The vNormal and the vPosition are already sent from the vertex to the fragment.
The viewDirection is already calculated.
The normal is already normalized.

We are going to use the ambient light and the directional light.

Include both light sources in fragment.glsl:

#include ../includes/ambientLight.glsl
#include ../includes/directionalLight.glsl

void main()
{
    // ...
}

Create a light variable to vec3(0.0) and multiply it by the color:

void main()
{
    vec3 viewDirection = normalize(vPosition - cameraPosition);
    vec3 normal = normalize(vNormal);
    vec3 color = uColor;

    // Lights
    vec3 light = vec3(0.0);
    color *= light;

    // ...
}

Add the following ambientLight():

void main()
{
    // ...

    // Lights
    vec3 light = vec3(0.0);

    light += ambientLight(
        vec3(1.0), // Light color
        1.0        // Light intensity,
    );
    
    color *= light;

    // ...
}

We end up with the initial color because we are using a light intensity of 1.0.

Add the following directionalLight():

void main()
{
    // ...

    light += directionalLight(
        vec3(1.0, 1.0, 1.0), // Light color
        1.0,                 // Light intensity
        normal,              // Normal
        vec3(1.0, 1.0, 0.0), // Light position
        viewDirection,       // View direction
        1.0                  // Specular power
    );

    // ...
}

The directional light adds a subtle shading to our objects.

Grid 10:05

As mentioned earlier, halftone consists of a grid of points and that grid needs to stay static on screen and not follow the objects or the camera transformations.

For HTML/CSS developers: you can think of it as a fixed positioning.

For now, all we want is some kind of UV coordinate but covering the whole render.

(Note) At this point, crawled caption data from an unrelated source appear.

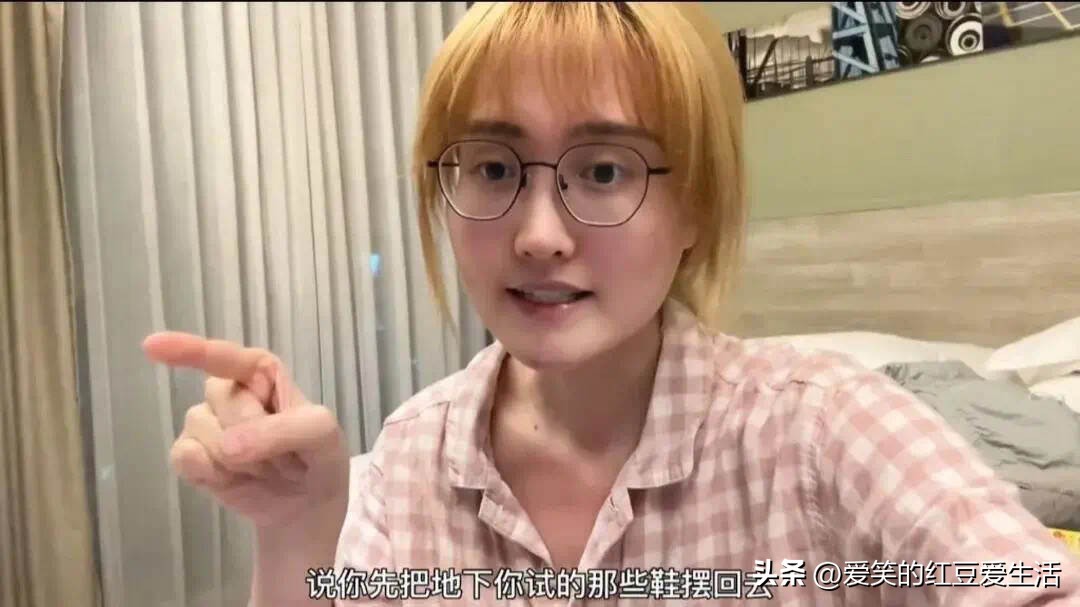 女孩挑战“在香港只说普通话”遭白眼，试鞋子时的遭遇尤其离谱！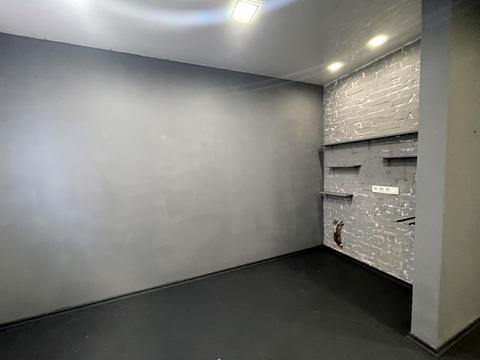 комерційна за адресою Миру вул., 7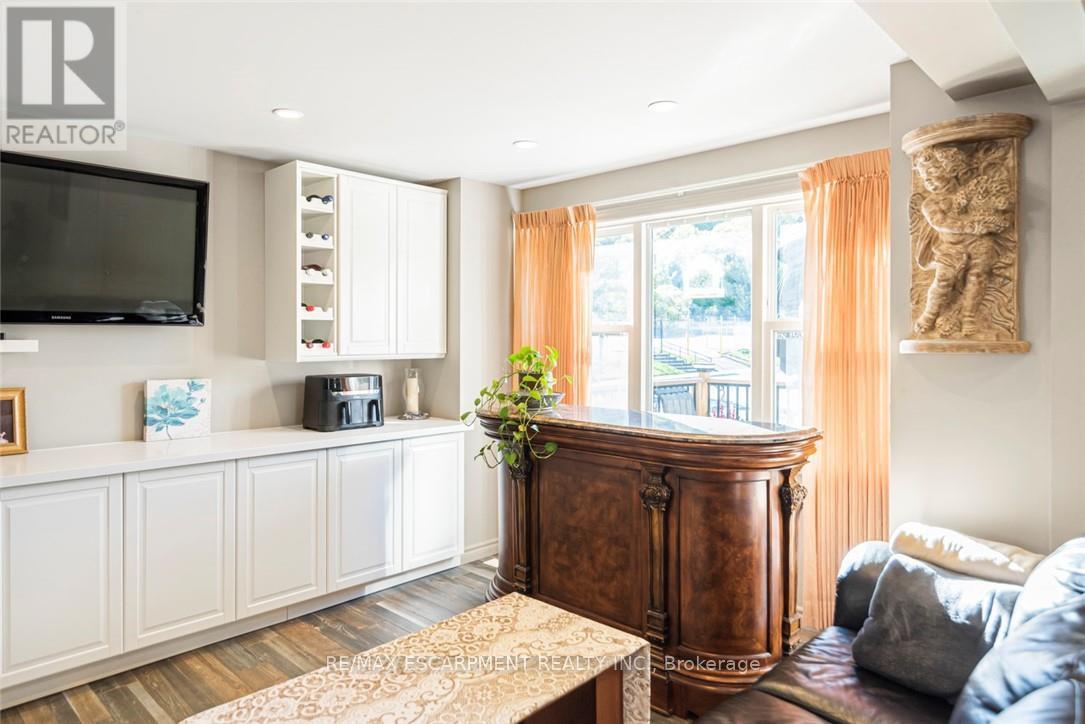 Single Family House for Sale in  KIMBERLY DRIVE Hamilton (Rosedale) 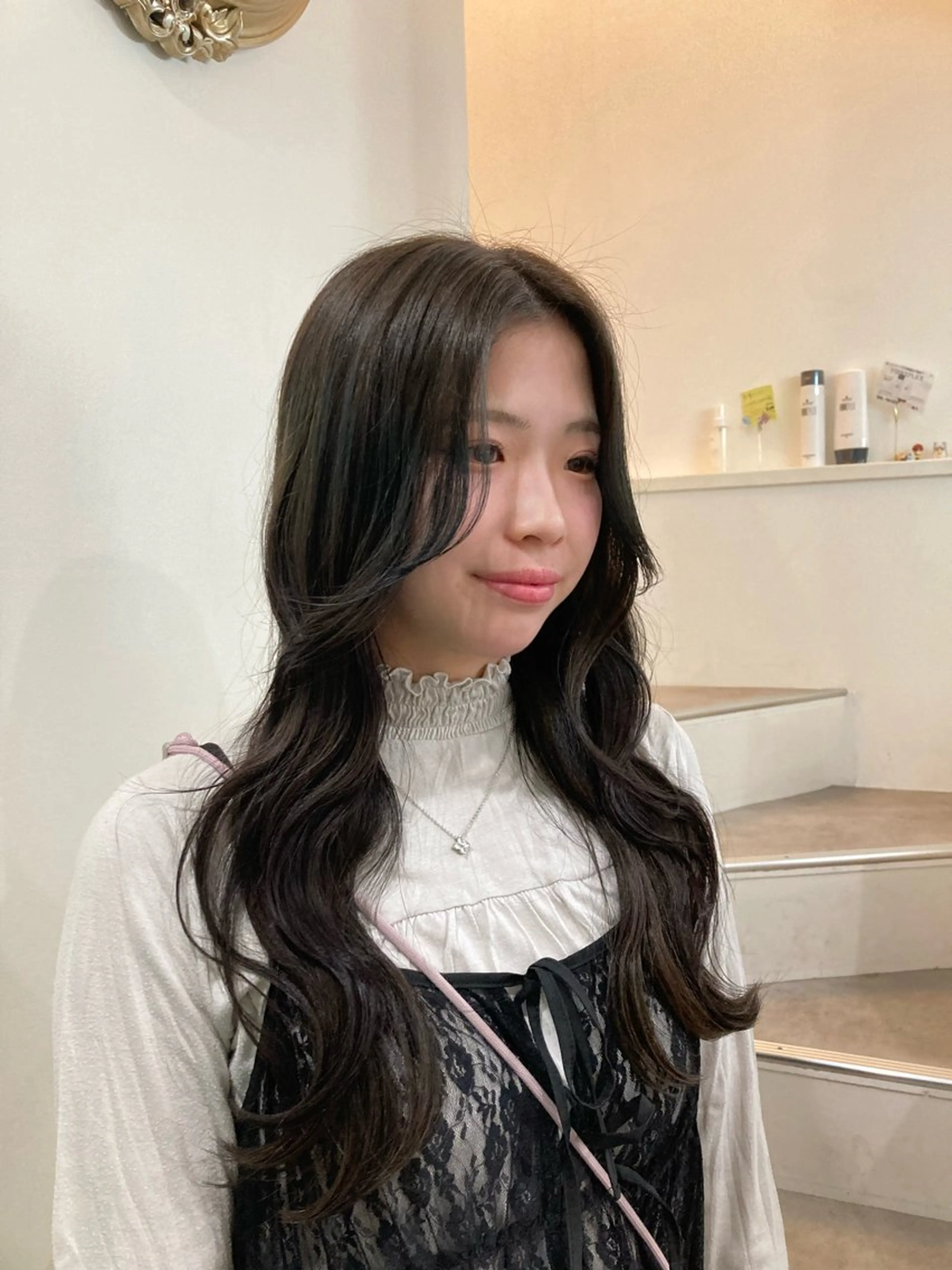 ロング ブリーチカラー KONNOのヘアスタイル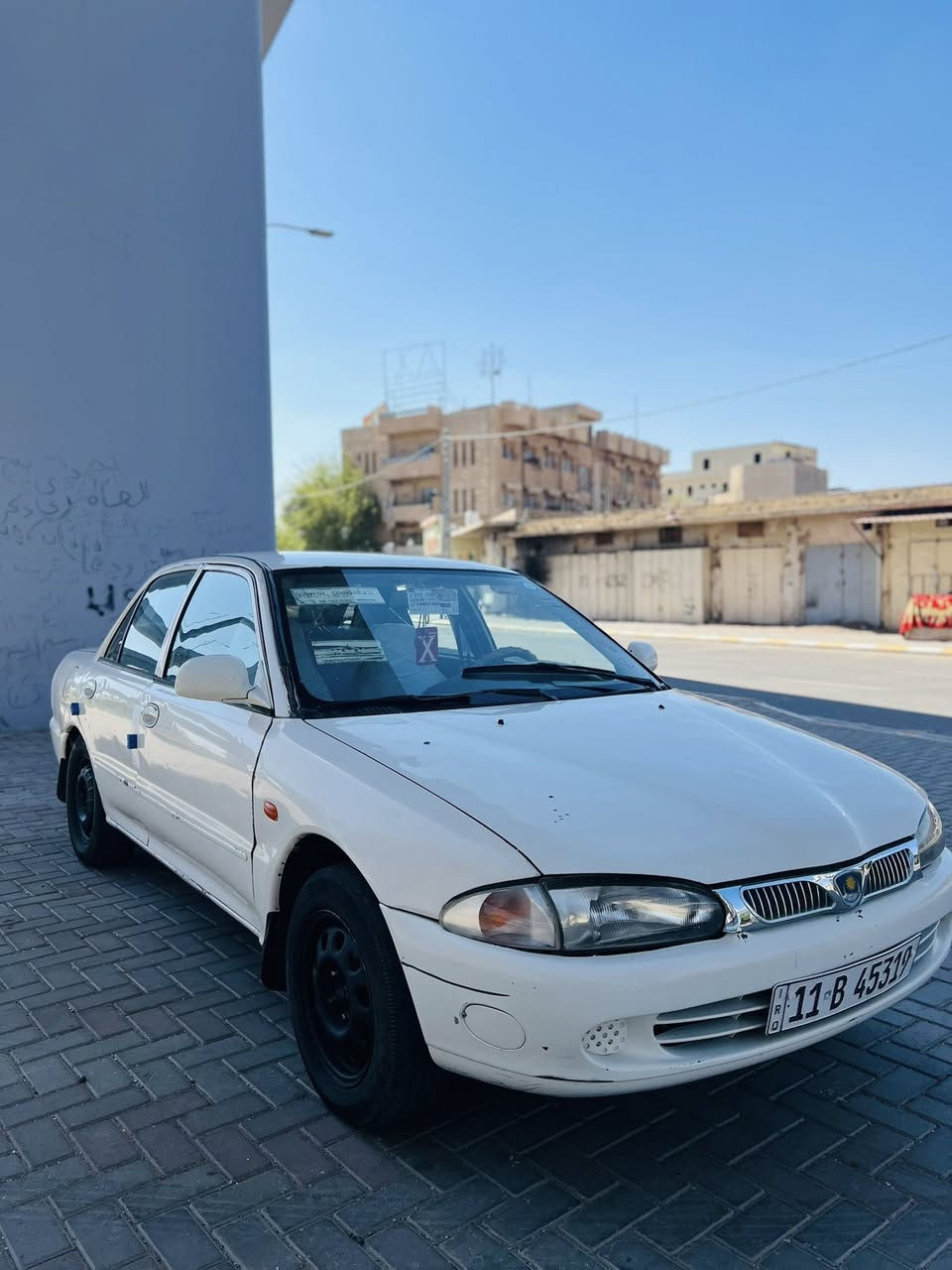 سعر مناسب جدآ 35$وبيها مجال !!!
براتون 2002 حره رقم بغداد دولي شرط التحويل !!
سنويه 2031هزه جديده كير عادي محرك جديد 
صدر امامي نص عمر صدر خلفي جديد تخم تاير جديد 
غرفه نضيفه جام كهرباء دوشمه جديده كهربائيات شغاله 

مكاني تكريت ***********
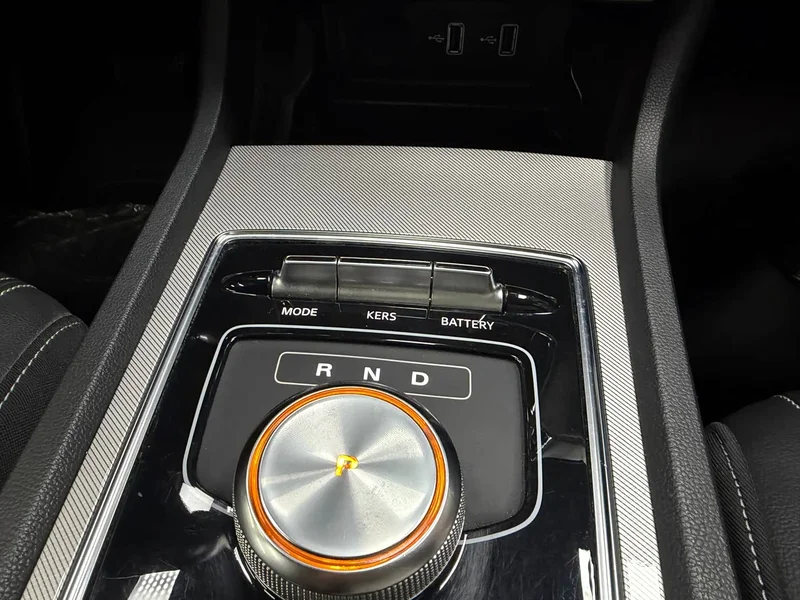 Roewe i6 New Energy — фото 19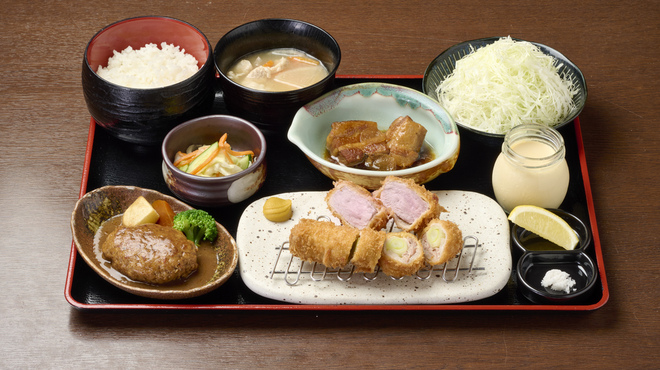 とんかつ&ハンバーグ たくとみ - メイン写真: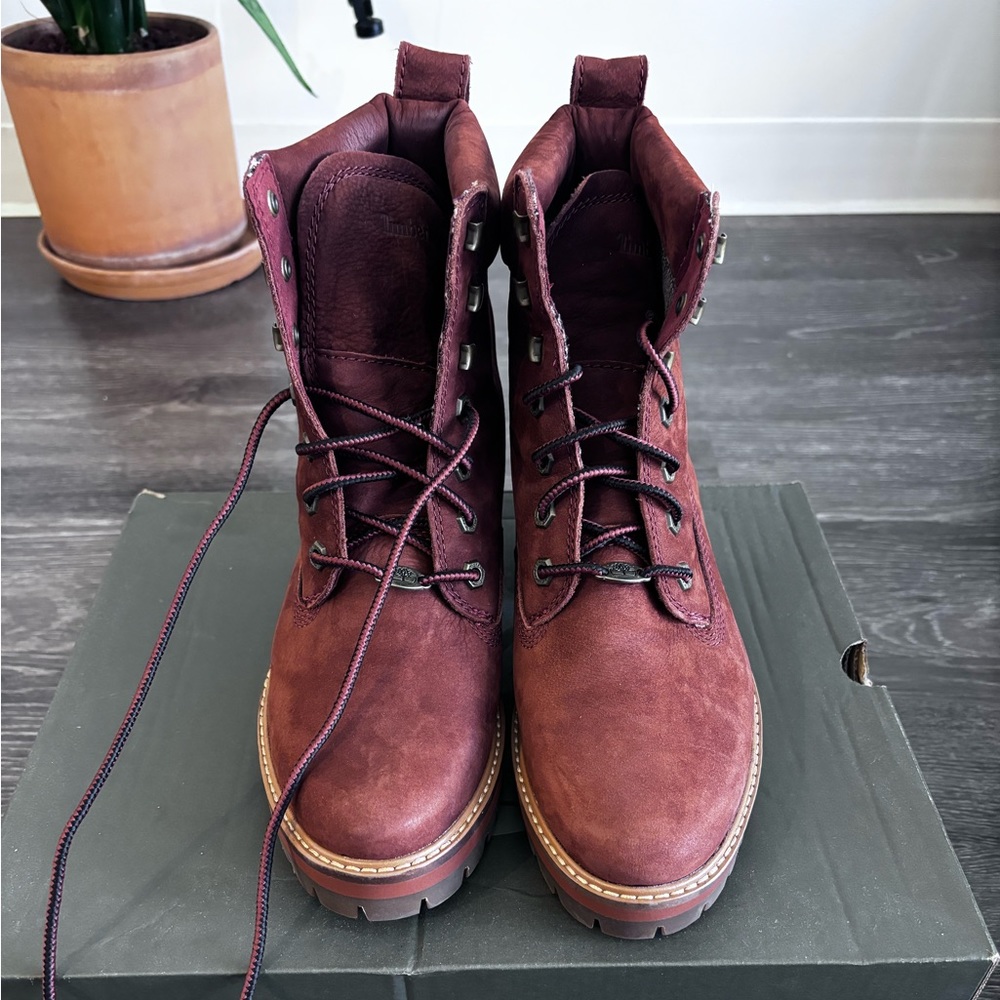NWB Timerland Courmayeur Valley 6 in Boots in Rust Nubuck, size 9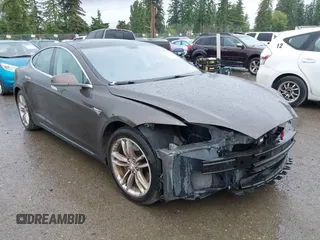 2014 Tesla Model S 60 z VIN 5YJSA1H17EFP37388, wystawiony jako IAAI lot #42338937 z przebiegiem 102 319 mil mil oraz . Historia ofert i sprzedaży dostępna na DreamBid. Obrazek 1.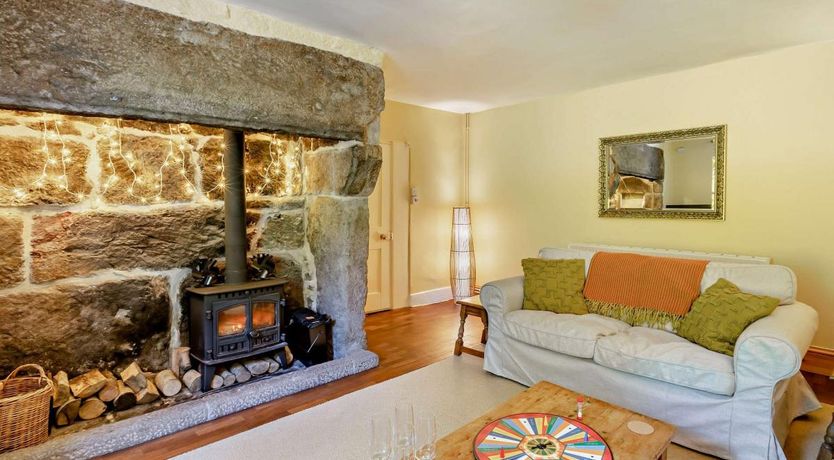 Photo of 4 Bed in Bovey Tracey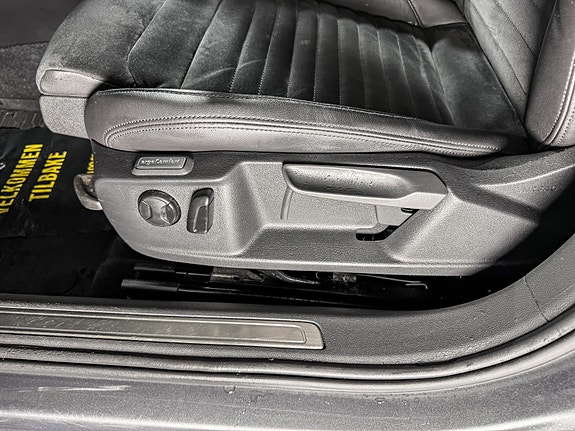Volkswagen Passat 9 of 28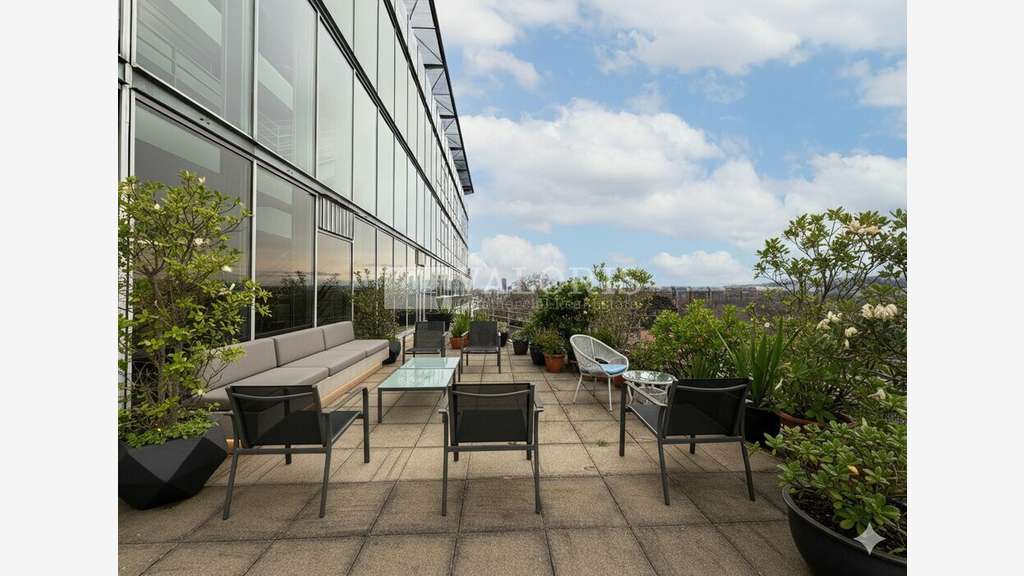 Bureaux 517m² R+6 à louer à Caluire-et-Cuire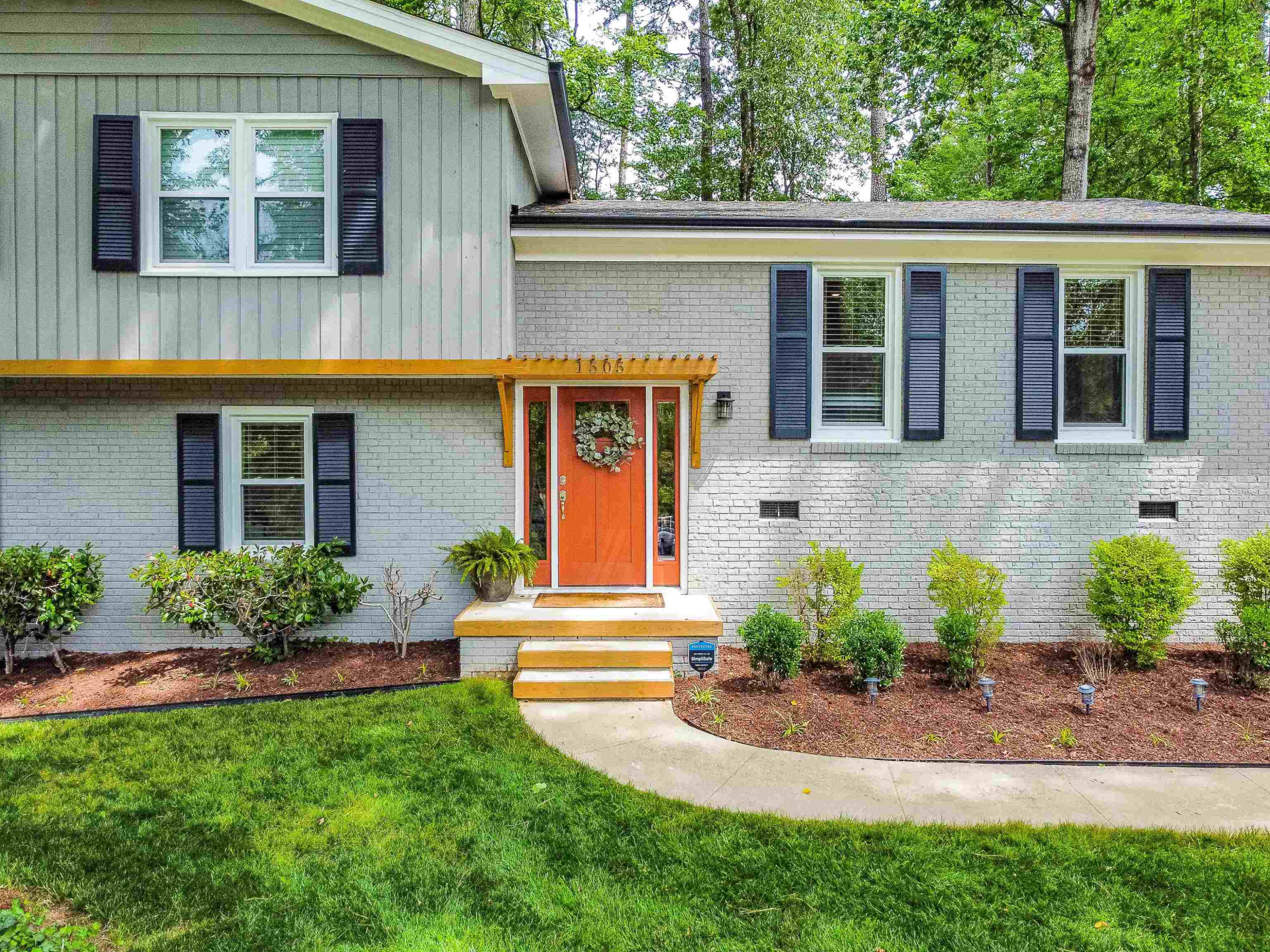1505 Windbur Place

Good news, there is a variable named gl_FragCoord doing just that.

gl_FragCoord is a vec4 where xy constitutes the “screen” coordinates and zw are used for the depth, but we don’t care about those last two.

Let’s see what’s in that gl_FragCoord.xy.

Right after the light part in our fragment shader, create a vec2 uv variable and swizzle xy from gl_FragCoord:

void main()
{
    // ...

    // Lights
    // ...

    // Halftone
    vec2 uv = gl_FragCoord.xy;

    // ...
}

Assign it to the first two values of gl_FragColor and set the rest to 1.0:

void main()
{
    // ...

    // Halftone
    vec2 uv = gl_FragCoord.xy;

    // Final color
    gl_FragColor = vec4(uv, 1.0, 1.0);
    // ...
}

Why is everything white? Have we made a mistake?

Divide gl_FragCoord.xy by 1000.0:

void main()
{
    // ...
    vec2 uv = gl_FragCoord.xy / 1000.0;
    // ...
}

Now we get some kind of gradient. According to your resolution and pixel ratio, you might get a different result and you might have to move the camera around in order to enjoy that gradient.

The reason is that gl_FragCoord.xy are fragment coordinates, meaning that the absolute bottom left fragment’s coordinates are 0.0, 0.0, the coordinates on its right’s are 1.0, 0.0, the next one 2.0, 0.0, and it goes on and on like that:

Meaning that if you are rendering with a 1920x1080 resolution, the gl_FragCoord.xy on the top right corner will have the values 1919.0 and 1079.0.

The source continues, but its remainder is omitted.